**WORK REQUEST**. Write the listing below out again word for word, without a single picture.

**DATA EXTRACT**.
+++++
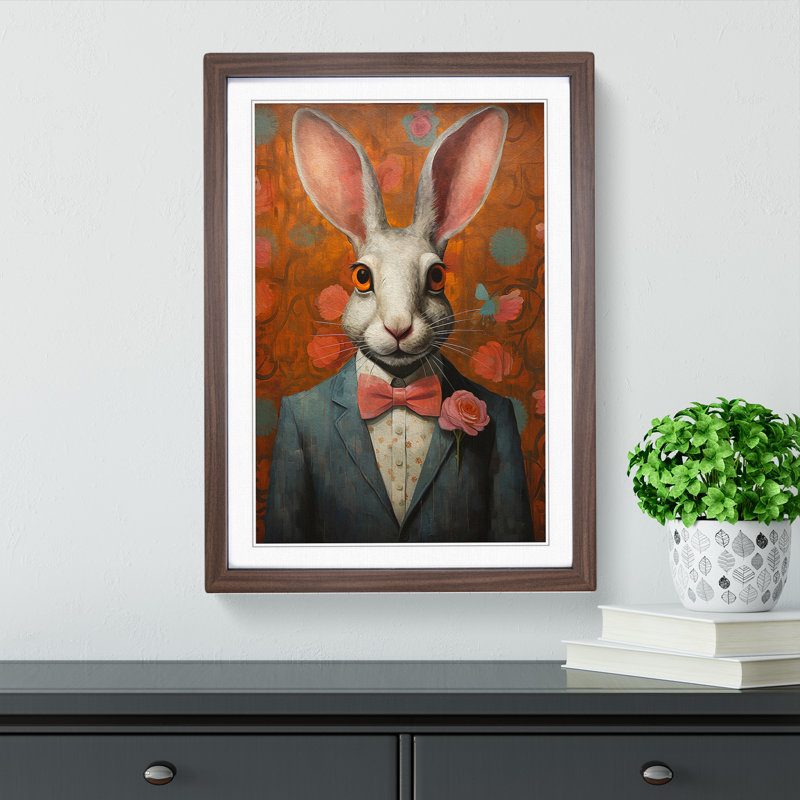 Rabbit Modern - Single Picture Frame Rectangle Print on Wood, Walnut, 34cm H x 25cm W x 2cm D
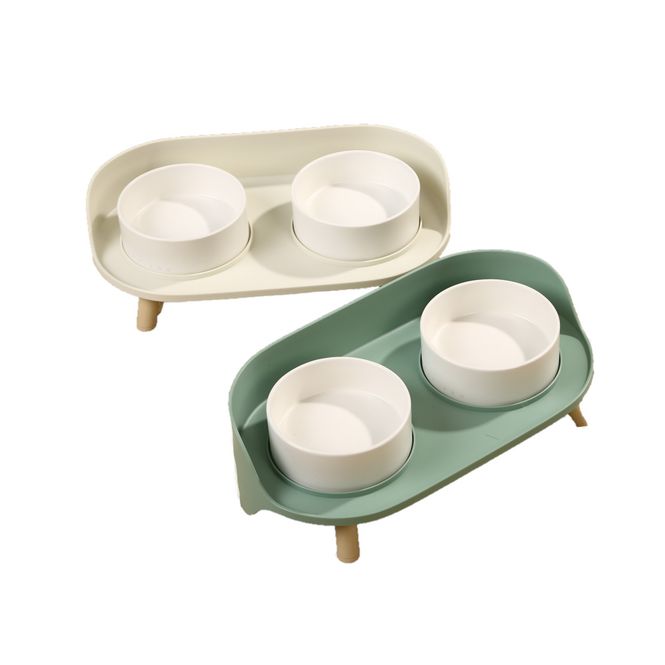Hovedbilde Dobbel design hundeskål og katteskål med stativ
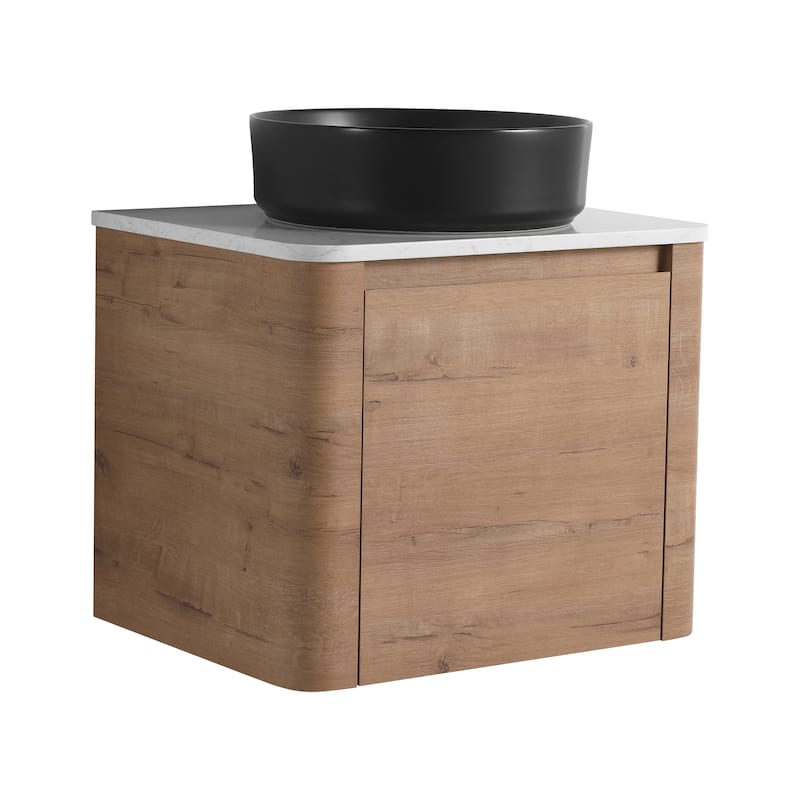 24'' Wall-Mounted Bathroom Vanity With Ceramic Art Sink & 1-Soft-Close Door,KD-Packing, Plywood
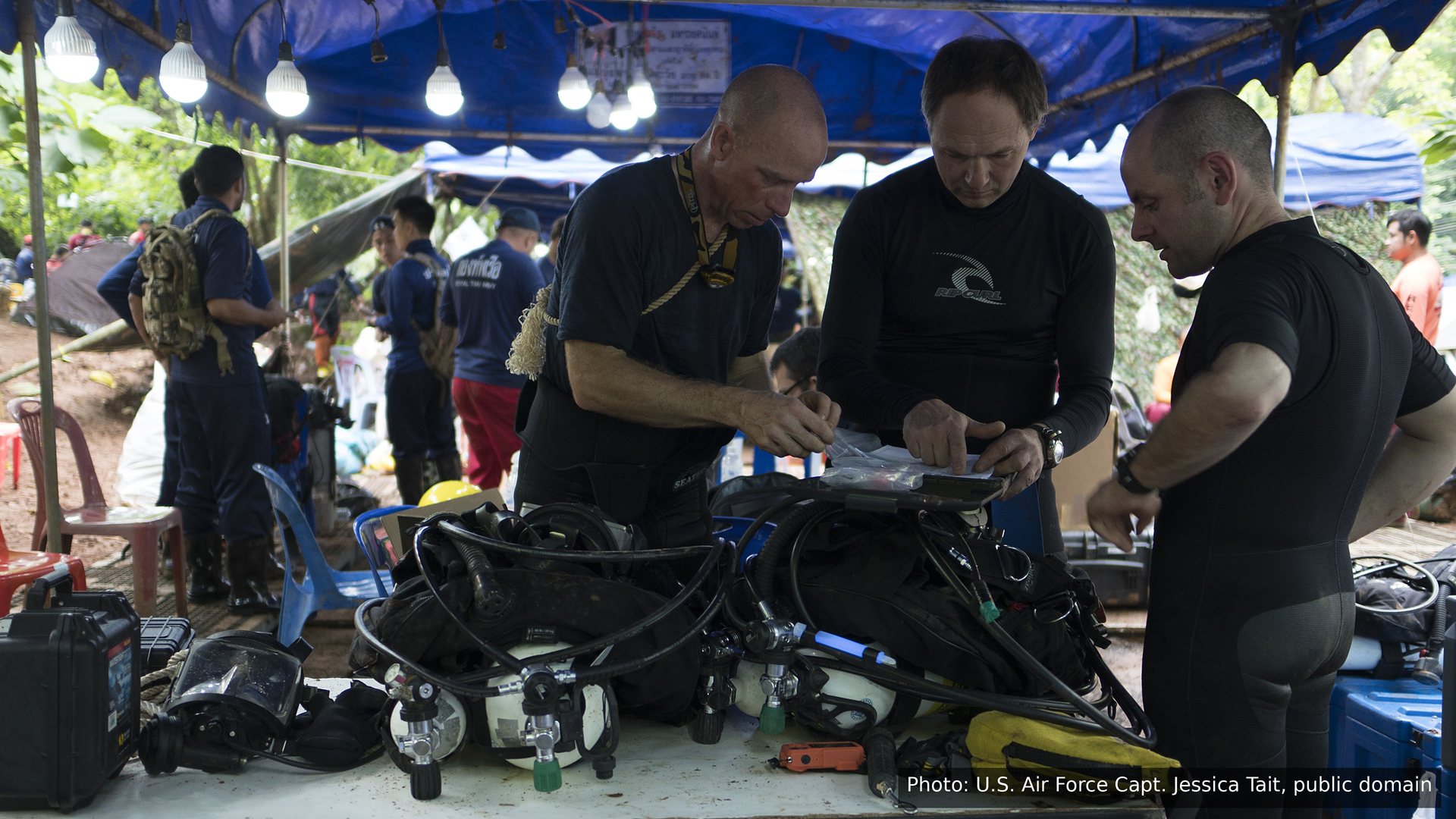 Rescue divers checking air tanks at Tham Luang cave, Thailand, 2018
+++++
**YOUR RESPONSE**.
 Rabbit Modern - Single Picture Frame Rectangle Print on Wood, Walnut, 34cm H x 25cm W x 2cm D
Hovedbilde Dobbel design hundeskål og katteskål med stativ
 24'' Wall-Mounted Bathroom Vanity With Ceramic Art Sink & 1-Soft-Close Door,KD-Packing, Plywood
 Rescue divers checking air tanks at Tham Luang cave, Thailand, 2018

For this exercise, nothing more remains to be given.